A Funny Java Flavoured Look at the World

Wednesday, June 07, 2006

Debugging code - the hard way

I have spent the whole day debugging, it makes value unit tests (junit) even more than usual.

Debugging is such a difficult job when you can only test the code through the front end and checking the extra logging you have put in. The main problem I have with the code I was debugging was that it was using a struts action and almost all of the code was in the main method in the action. This basically meant it was practically impossible to test the code without using the front end and clicking and then reading the log files.

I have done a bit of refactoring but because it took me soooooo long to actually find where the problem was and then why it was going wrong, I am only doing a bit and to be honest it works and it's an action, which is pretty much self contained so it's not that much benefit refactoring it.

Today was a classic case of "everytime you fix a bug you are in danger of adding another bug" which I blogged about earlier blog entry The bug I am fixing today wasn't in the release a couple of releases ago. We found this out by my idea of setting up a running copy of the last few releases so we can easy test the code the different customers are seeing. Anyway the code works fine there so this at least gave me some clue where to start the search on what might be causing the bug. The code was actually a result of someone fixing another bug.

The bug was also quite sneaky because it was a base class that was changed the bug has filtered up which meant it was very tricky to find.

I find bug fixing can be quite boring and frustrating, especially when you are doing it like I was today by using logging messages. I must have wasted loads of time adding comments, recompiling the servlet and stopping/starting Tomcat and then running the program.

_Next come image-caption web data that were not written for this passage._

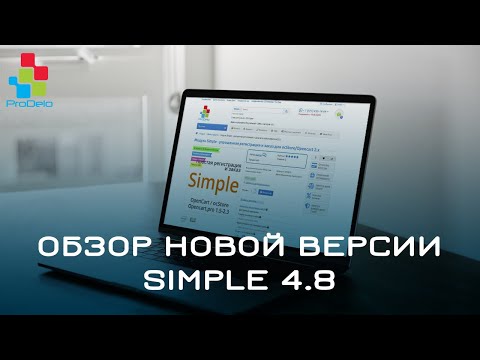 Видео: Обзор новой версии Simple 4.8.10 #4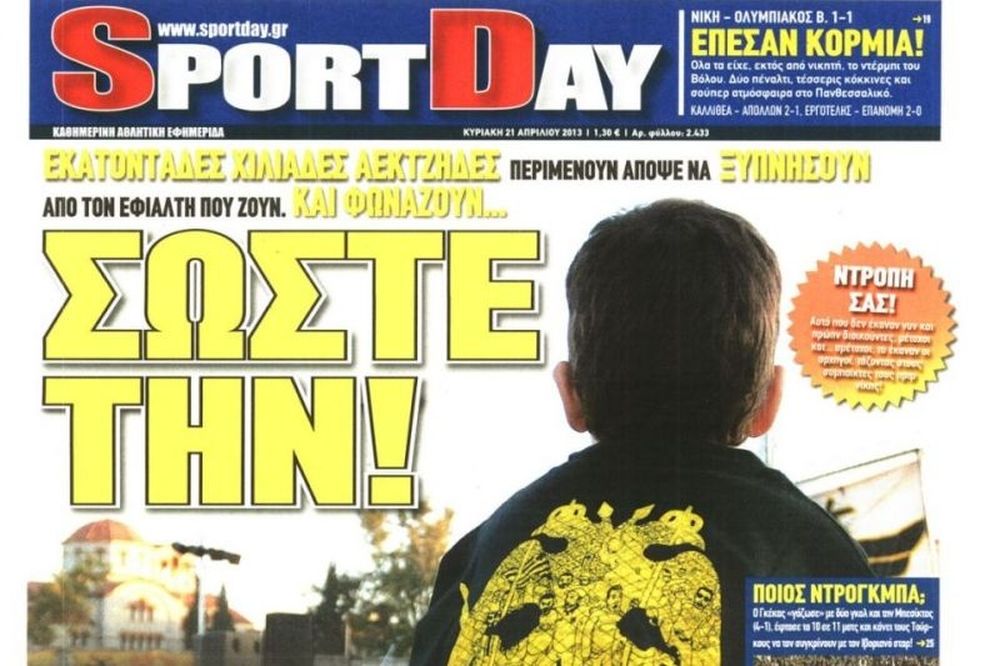 Τα πρωτοσέλιδα του αθλητικού και πολιτικού Τύπου την Κυριακή (21/4)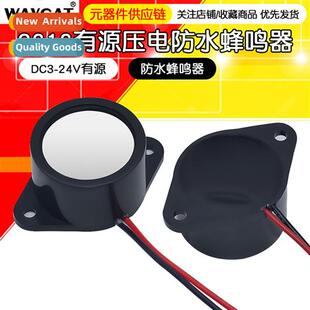 26*16MM Waterpro Buzzer 2616 Active Piezo Buzzer Alarm Seale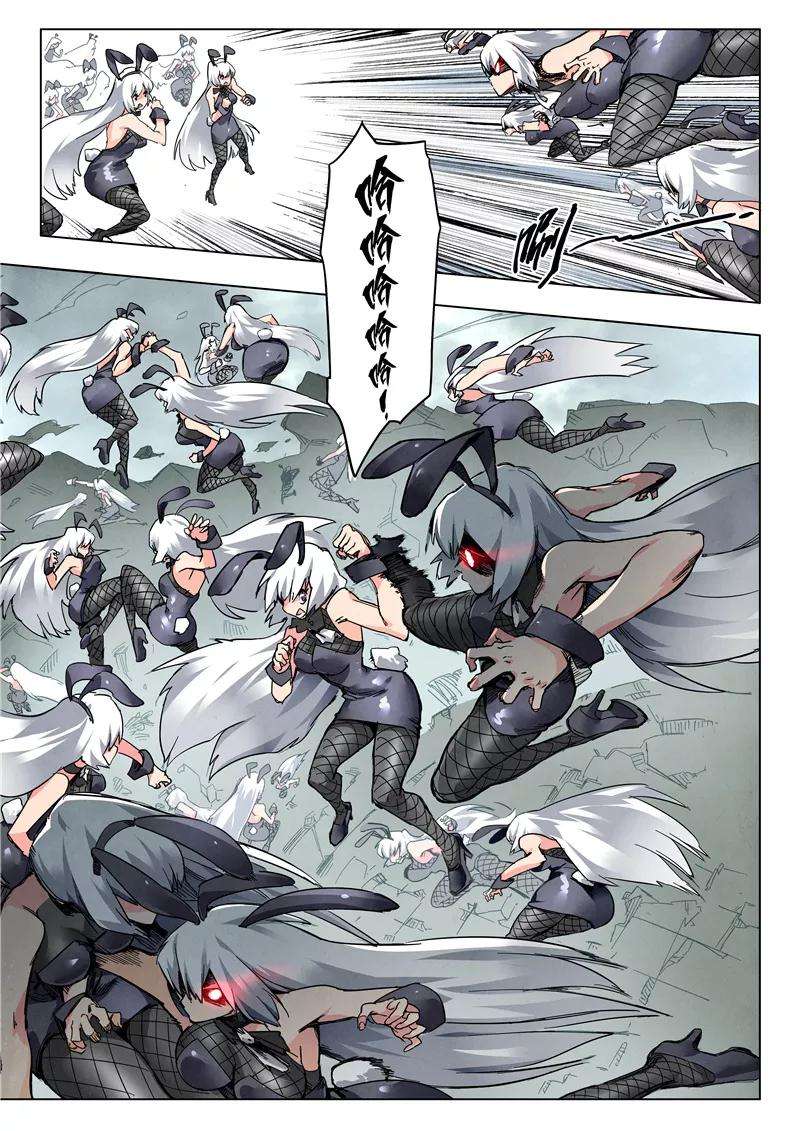 最后的召唤师25话4 幻心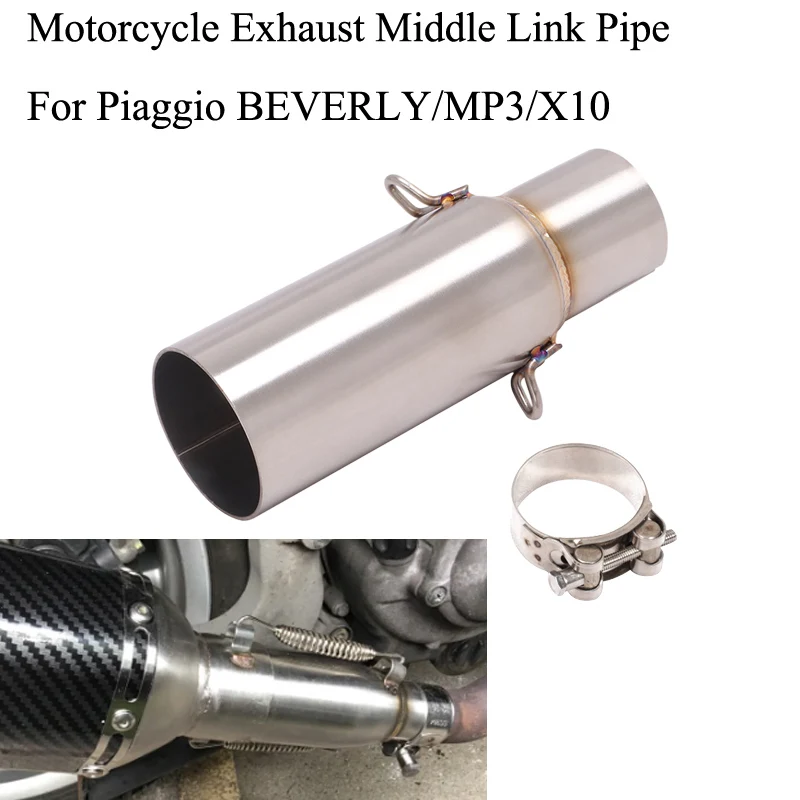 For Piaggio BEVERLY 125 300 MP3 125 250 300 LT X10 125 Motorcycle Exhaust Muffler Middle Mid Link Pipe Connecting 51mm Escape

The plus side of debugging is that you do get to know the code in detail and sometimes it's quite nice not having to write to much code. Although I do get the feeling of restlessness and like I haven't really done much that day.

The best reason I heard why you should write unit tests is

"you know how long it will take to write a unit test, how long does debugging take"

2 Comments:

  • Well, the kind your posting is reading, you might blame yourself to be honest.

    Programming is not chasing bugs, programming is avoiding bugs. Okay, not avoiding bugs actually, they sometimes simply occur because of complexity or changes, but being prepared for bugs is the first duty of every programmer, imho.

    Could you have done better? Am I allowed such harsh words? I think so by reading your lines:

    "...that it was using a struts action and almost all of the code was in the main method in the action..."

    Why was all the code in the main method? Why didn't you create more methods (that could take parts of the code and be more easily debugged)? Why, if the code is too complex, didn't you create an own Object containing the code (this one really would be easy to debug)? Why didn't you simply write a "public static void main(String[] args);" which called the main method giving the right parameters to simply test this kind of code without restarting Tomcat every time? And I know this can work out, I used Struts, too ...

    "...I have done a bit of refactoring but because it took me soooooo long to actually find..."

    There is no such thing like "a bit of refactoring" - do it or leave it. And the chinese do have a saying: "If you are in a hurry, take your time. If you don't have time, get a detour."

    "...I am only doing a bit and to be honest it works and it's an action, which is pretty much self contained so it's not that much benefit refactoring it..."

    No benefit to refactor it, because "to be honest it works" ? Hm. Have a nice next-week chasing similiar errors...

    "...especially when you are doing it like I was today by using logging messages. I must have wasted loads of time adding comments..."

    Why were the comments and messages not already implemented? Inserting comments and debug-information afterwards takes presumably three to four times longer than thinking of them while programming-time. No, there is no runtime-issue on that, if you feel comfortable with it, you could simply comment them before the system goes productive. Heck, use "// @todo" - lines above them or something similar to mark them to be commented.

    Yeah, all clear, you naturally don't have time to program like that, no one has. So go on to "...do get the feeling of restlessness..." and think you "...haven't really done much that day." .

    Learn from the errors! Shaking the head, Georgi

    By Anonymous Anonymous, at Wed Jun 07, 04:28:00 am 2006  

  • I agree with your comments.

    The reason most of the code is in the action is because I didn't write the code, I am merely debugging the code.

    I think any refactoring helps no matter how small.

    What I was trying to put across was the fact I haven't got time to refactor the code at the moment. It may cost me more time in the future but the project plan says I gotta start working on something else.

    The comments were above and beyond the real need of comments except for debugging, it was printing out values every few lines within methods to see where they took a turn for the worse. It was really system out type values I was interested in.

    Whether I could have written a tests using a main method, I suppose I could of. It would have meant creating initialising a couple of javabeans but in the long run this would saved me some time I think.

    This I suppose is the joy of wrestling with some legacy code.